JAMAICAN cricketer Odean Brown, who has just returned from suspension after an anti-doping whereabouts rule violation, praised family and friends who stood by him during his 15 months out of the game.
Conversely, the 35-year-old blasted the Jamaica Cricket Association (JCA) for not providing support on the scale that he thought he deserved.
“During my suspension nobody from the JCA reached out to me. I represented the country for so many years — from 2003 — and not even a phone call or an e-mail to say ‘keep going’,” the wrist spinner told the Jamaica Observer during an interview at Chedwin Park cricket ground last week.

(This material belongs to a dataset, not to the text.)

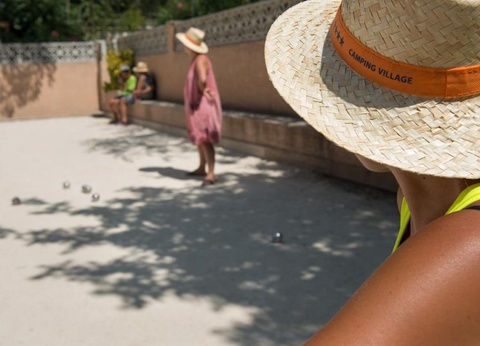 Camping Abri de Camargue, 4* - 20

“I have a bitter taste about that and this has to stop… you have to support your players through thick or thin; you don’t just cast them aside,” continued the impassioned demand from Brown.
Francis conceded, however, that the criticism will help to guide the association’s handling of future cases of similar nature.
“If he [Brown] feels that way it is very unfortunate, but support can be subjective. We thought we had offered some moral support, but if what we did was not enough it is something we will have to look into.
“Any request he made to the JCA in a personal capacity we delivered. Junior Bennett, who was coach at the time, was a witness on his behalf at the hearing,” Francis told the Observer when contacted.
“It was a first time for the JCA, so we were not used to the situation. We sympathise and we wish him all the best and give him all the support that he’s back in the fold. We will use the [Andre] Russell situation to improve on that. I will call him [Russell] myself and talk to him,” Francis added.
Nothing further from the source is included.